MSS establishes program to help students cope with mental health challenges

M’CHIGEENG—The Creating Hope Project: Mental Health Individualized Plans Teacher Learning and Leadership Program now in place at Manitoulin Secondary School (MSS) seems to already be making a difference in the lives of students who are facing mental health challenges.

An MSS Grade 10 student who has been diagnosed with anxiety explained in an e-mail to The Recorder, “I find it helpful that the teachers know that when I say I need a break, they know where I’m going. Everyone in the office is so nice and caring so I have a quiet place to calm down. The school has been helpful for this.”
In the individualized plan, the student can identify a place in the school where they feel safe and there are adults they can speak with. For the student who provided a comment to The Recorder, they named the office as their safe place and their teachers know that if they leave the class, they are going to the office. The intent with having a safe place is that the student can take a break with the goal of returning to class once they feel better.

“It allows us to provide support for the students on mental health challenges they may be facing before the challenges become more challenging, like missing class every day,” MSS school social worker Allison Orford said on Monday. She explained the school has observed an increase in students presenting with mental health challenges which leads to high absenteeism and other school difficulties. “We are a caring staff at MSS and want to help,” she said.

Ms. Orford and Maya Holson, special education teacher and team leader of the project, sat down with The Recorder on Monday to outline the project prior to its official launch to staff and students this past Wednesday.

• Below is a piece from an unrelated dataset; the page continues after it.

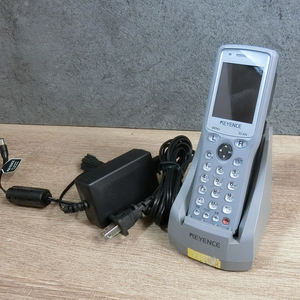 KEYENCE ハンディターミナル BT-1510 / BT-UC10R 充電台セット シリアル接続 キーエンス ジャンク扱い 菊TK39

“The focus of the project has been Mental Health Individualized Plans (MHIPs) for students needing extra support within the classroom. We aim to work with students and parents to create plans so that teachers can better support students who have mental health needs in the classroom and in the school,” said Ms. Holson.

Ms. Holson said, “about three years ago, staff were really feeling the need to have better mental health supports in place for students. We had a number of students go into crisis, and we know that we, as classroom teachers, just weren’t responding to the needs as well as we could. We have developed different communication systems to better support students, and it is hoped that the Mental Health Individualized Plans help formalize those supports and strategies.”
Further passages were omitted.